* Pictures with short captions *
-*-

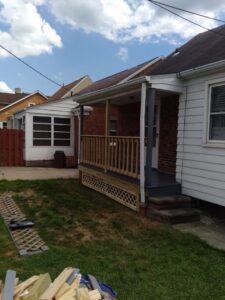 A newly built wooden porch under construction by Indoor/Outdoor Home Repairs in Parma, OH.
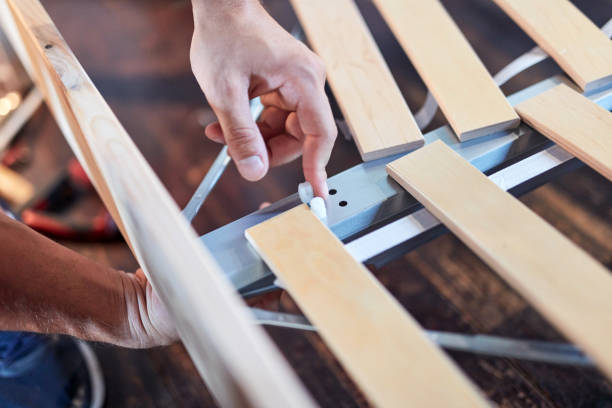 istock Carpenter hobbyist assembling wooden boards at home / garage. 1269291713
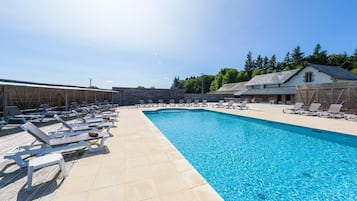 Un espace piscine avec des chaises longues et un bâtiment en arrière-plan.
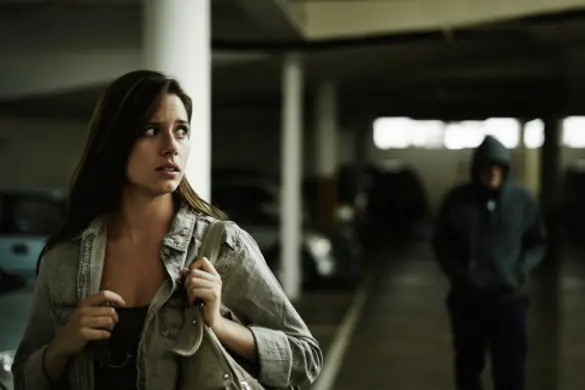 A terrified young woman in an underground parking garage being followed by a sinister man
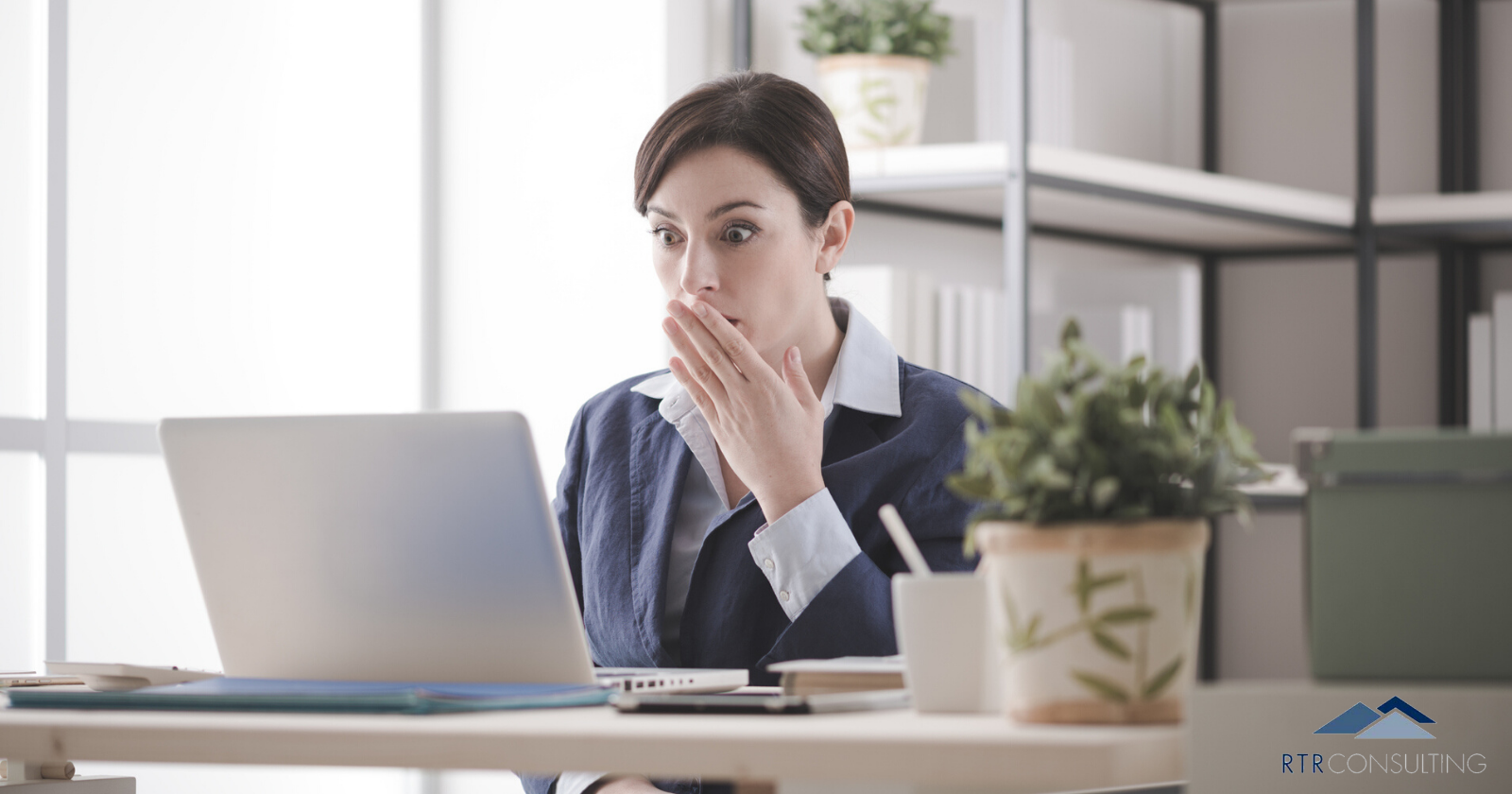 woman shocked at computer screen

-*-

* Work request *
Leaving every picture out, return the lines from the one containing "Un espace piscine" through the last line of the records exactly.

* Result of the exercise *
 Un espace piscine avec des chaises longues et un bâtiment en arrière-plan.
 A terrified young woman in an underground parking garage being followed by a sinister man
 woman shocked at computer screen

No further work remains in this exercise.